No devices were found

hello, i have a problem about program “nvidia-smi”。when i exec nvidia-smi,it reported “No devices were found”。
and i sometimes reported just one of my GPUs infomation
my environment:
OS: Ubuntu 18.04 LTS Server
Kernel: 4.15.0-163-generic
GPU: RTX3080 * 2

this my log:
nvidia-bug-report.log.gz (468.4 KB)

Hi @user76356 , thanks for bringing this up.

Checking your report log I can see repetition of this messsage:
[ 2143.889863] NVRM: GPU 0000:65:00.0: rm_init_adapter failed, device minor number 0
[ 2154.838560] NVRM: GPU 0000:65:00.0: RmInitAdapter failed! (0x23:0xffff:1204)

Looking through the Linux forums (where I moved the topic as well) I can see a lot threads showing different possible reasons for these initialization failures.

One possible solution is of course to update to the latest driver 470.86, following the installation instructions very closely.

And one of the more common possible solutions is to enable the nvidia persistence daemon:

If neither of those help, I am sure we can find additional suggestions for you.

1 Like

Since this is only happening after about 40 minutes and they’re built into a server running headless, please start by properly setting up nvidia-persistenced to start on boot and make sure it’s continuously running.
If the issue is still occuring, I suspect an airflow issue, thus the gpus are overheating. Please monitor temperatures.
The gpus likely are blocking airflow/heating up each other if they’re in neighbouring slots since those are consumer type cards. Please check.

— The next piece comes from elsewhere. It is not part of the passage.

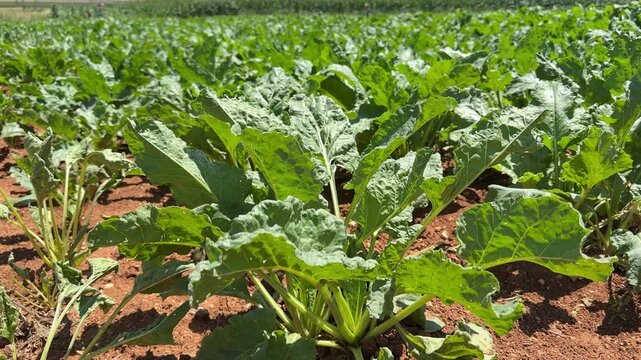 Healthy Sugar Beet Crop Growing in Rural Agricultural Field. High-angle 4K tracking shot of vibrant green sugar beet plants growing in rows on a cultivated farm field. The healthy agricultural crop th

thanks,i tried to control temperature,and things get better。BTW, is there some tools can help me read “nvidia-bug-report.log.gz”?

1 Like

thanks, i tried to control temperature,and things get better

The bug report is simply a text log file that is zipped up to make it smaller and easier to share.

You can unzip it with any ZIP tool like 7-Zip on Windows or unzip or gzip on Linux.